L’atterrissage sans visibilité
“Jusque-là, je t’ai suivi. Mais je ne vois pas très bien comment tous ces instruments te servent durant la descente et l’atterrissage proprement dits.”
“C’est qu’intervient dans cette phase une quatrième source d’information: le radiophare d’alignement (ILS). Celui-ci fait intervenir deux émetteurs qui définissent chacun un plan fixe. Comme te le montre le dessin, l’un de ces plans est vertical et coupe l’axe de la piste en deux, de la même façon qu’une ligne blanche sur la route. C’est l’alignement de piste. Quant à l’autre plan, qui est perpendiculaire au premier et coupe la piste avec une inclinaison de 2,5° environ, c’est l’alignement de descente.”
“N’est-ce pas l’intersection de ces deux plans qui va définir la trajectoire idéale pour l’atterrissage?”
“C’est juste. On a par ce moyen le ‘radio-sentier d’atterrissage’. À bord, le pilote se sert d’un cadran qui porte, outre l’aiguille verticale du VOR, une seconde aiguille qui, elle, est horizontale. L’aiguille verticale donne au pilote son écart par rapport à l’axe de la piste, tandis que l’aiguille horizontale lui indique si l’avion est bien dans le plan de descente. Le radiophare d’alignement comporte en outre trois petites balises qui transmettent un signal caractéristique lorsqu’on les survole, si bien que le pilote connaît sa distance par rapport à la piste juste avant d’y entrer.”

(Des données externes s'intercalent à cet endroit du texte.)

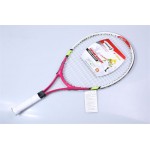 Flybomb Children Tennis Rackets Training Tenis Racquet Racket for Kids Youth with Racket Cover Bag for New Junior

“Tout cela me laisse rêveur.”
“Pourtant, je ne t’ai décrit que quelques-uns des appareils dont les pilotes se servent. Il faudrait encore citer le système de mesure de distance (DME), les radars, le pilotage et l’atterrissage automatiques, etc. Mais, vois-tu, ce qui laisse encore plus rêveur, c’est d’observer que, dans la création, les abeilles, les dauphins et quantité d’oiseaux se déplacent avec une précision extraordinaire sans le moindre de ces appareils (Job 12:7-9). Il y a là, pour celui qui ne sait pas voir la main du Créateur dans la nature, un mystère autrement plus profond que celui qu’un profane discerne dans une cabine de pilotage.” — D’un de nos lecteurs.
[Illustration, page 17]
Le radiocompas indique 50°. La station émettrice est donc à droite de l’avion, vers l’avant.
[Schéma, page 18]
Le radiophare indique au pilote:
(Voir la publication)
1) le cap à prendre;
2) s’il s’approche (TO) ou s’il s’éloigne (FROM) de l’émetteur;
3) la position de la balise par rapport à l’axe de l’avion.
[Schéma, page 19]
(Voir la publication)
Le centre du cadran matérialise l’avion, alors que les aiguilles matérialisent les plans.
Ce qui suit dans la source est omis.